Отчуждение, необходимость и свобода

Отчуждение, необходимость и свобода

Маркс и Энгельс и раньше, материалистически перерабатывая и обогащая новым содержанием гегелевскую и фейербаховскую концепции отчуждения, ставили вопрос о порабощении человека разделением труда, о господстве продукта труда над производителем и т.д. В «Немецкой идеологии» эти положения получают дальнейшее развитие. Господство овеществленного, мертвого, труда над живым, общественных отношений вообще над людьми характеризуется как закономерность развития классово-антагонистического общества. «Это закрепление социальной деятельности, это консолидирование нашего собственного продукта в какую-то вещественную силу, господствующую над нами, вышедшую из-под нашего контроля, идущую вразрез с нашими ожиданиями и сводящую на нет наши расчёты, является одним из главных моментов в предшествующем историческом развитии» [1, т. 3, с. 32]. Социальное отчуждение – особый вид разрушительного и угнетающего обратного воздействия. Тот факт, что совокупная сила индивидов становится чуждой, над ними стоящей властью, не только не зависящей от их воли, но, напротив, господствующей над нею, имеет эмпирически констатируемую основу – частную собственность.

В «Экономическо-философских рукописях» речь шла об отчуждении труда, порождающем частную собственность как основу последующего развития отчуждения. В «Немецкой идеологии» понятие отчуждения обогащается новым историческим и экономическим содержанием, конкретизируется, уточняется. Маркс и Энгельс теперь характеризуют отчуждение прежде всего как порабощение людей антагонистическими формами общественного разделения труда, в силу которого «духовная и материальная деятельность, наслаждение и труд, производство и потребление выпадают на долю различных индивидов» [1, т. 3, с. 31]. Поэтому вместе с разделением труда в его развитой форме, которая, согласно Марксу, предполагает не только противоположность между физическим и умственным трудом, но и неравное распределение труда и его продуктов [см. там же], дано уже и социальное неравенство. Больше того, «разделение труда и частная собственность, это – тождественные выражения: в одном случае говорится по отношению к деятельности то же самое, что в другом – по отношению к продукту деятельности» [там же].

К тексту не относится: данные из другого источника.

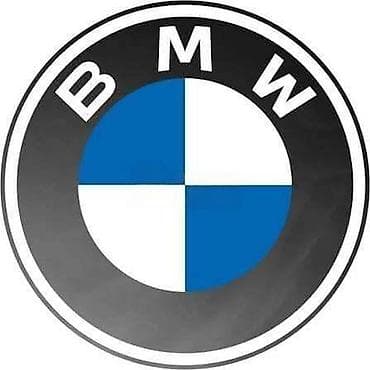 DELOVI KAROSERIJE FAROVI MEH ZA BMW SERIJA 3, 335 GT, SERIJA 1 . |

В «Немецкой идеологии» понятие социального разделения труда терминологически еще не отграничено от разделения труда по профессиям, а по существу еще недостаточно отчленено от других общественных отношений и во многом совпадает с понятием антагонистической формы развития производительных сил. Маркс и Энгельс пишут, что разделение труда «заключает в себе» разделение условий труда и «расщепление» между капиталом и трудом. Такое расширительное понимание разделения труда было преодолено лишь в произведениях зрелого марксизма.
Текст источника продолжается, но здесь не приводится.